API design is hard, and I'm sure what I wrote below doesn't address every potential issue. Also I may have made different assumptions from you based on the device APIs I know well, in which case please by all means provide counterexamples. My thinking is largely based on DAQ devices (NI DAQmx) and TCSPC devices (Becker-Hickl, PicoQuant, Swabian), whose APIs I know quite well. I have not worked with oscilloscope APIs.

Also most of my comments are based on your description above, not (yet) a detailed review of your actual code. Please correct me if I misinterpreted anything.

In general I still like the idea of a device type that can stream user-defined data but is otherwise kept simple. Although it has the drawback that the application needs to know something about the device in order to interpret the data, it's a big step forward from not having any way to do this.

Name

I like the name DataStreamer but it might not be clear that it is for acquisition (input) only and not for generation (output). Maybe InputStreamer or InputDataStreamer (so that there could conceivably be a future OutputStreamer)?

Processing

Perhaps I'm not grasping your intended real-world use cases for the "processing" (other than saving to disk; see below under "Passing data to the application" on that). In general, I think it is best if processing is decoupled from acquisition as much as possible -- so requiring the same device object to do the acquisition and processing would seem to limit the possible applications quite a bit (among other things, it forces any processing code to be written in C++ and configured solely through device properties).

Maybe we can discuss futher if you could offer some concrete (even device-specific) examples of what data processing you might do in ProcessBuffer().

Buffering

I am not exactly sure why buffering is needed, because for the devices I'm familiar with, the device driver already has built-in buffering, often with configurable size.

If, on the other hand, for some reason we need a common buffering scheme akin to the sequence buffer for cameras (but separate buffer for each device), then it would make sense to put it into MMCore (perhaps in the DeviceInstance object) rather than DeviceBase, so that it is cleanly separated from the device.

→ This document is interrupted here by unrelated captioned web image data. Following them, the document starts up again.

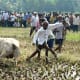 bull-festival-abull-sport-and-bull-worship-in-india
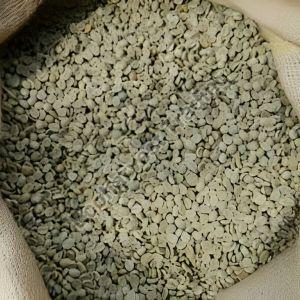 PB Arabica Washed Plantation Coffee Beans, Form : Seeds 6 Months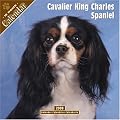 Cavalier King Charles Spaniel 2008 Wall Calendar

But, again, I think it is best to let the driver take care of buffering, and avoid re-buffering the already buffered data. Perhaps a reusable buffer implementation would be useful for any devices whose driver doesn't offer buffering (of enough capacity), but that could be done completely independently of the interfaces, as a small utility library.

Pausing

Can you explain what scenarios would be helped by pausing? I don't think many devices support pausing as a hardware feature (but correct me if I'm wrong), so I'm wondering if this is something that should be handled on the application side (by stopping and restarting the acquisition).

Memory allocation

The MMDevice interface is designed to work across binaries built with different C++ runtimes. The prime example of this is that device adapters built with MSVC Debug runtime work with a Relaese build of MM. For this to be true, we cannot pass C++ objects across this boundary (because their memory layout may differ). Furthermore, we cannot allocate memory in one DLL and release it in another.

Using std::unique_ptr in the interface therefore needs to be avoided. For reading data from the device, there are a couple of options:

  • Device calls a CoreCallback function to push data, passing pointer and size of a buffer managed by the device. MMCore then copies the data to the destination (or intermediate buffer). This might require an extra copy that could otherwise be avoided. Cameras currently work this way.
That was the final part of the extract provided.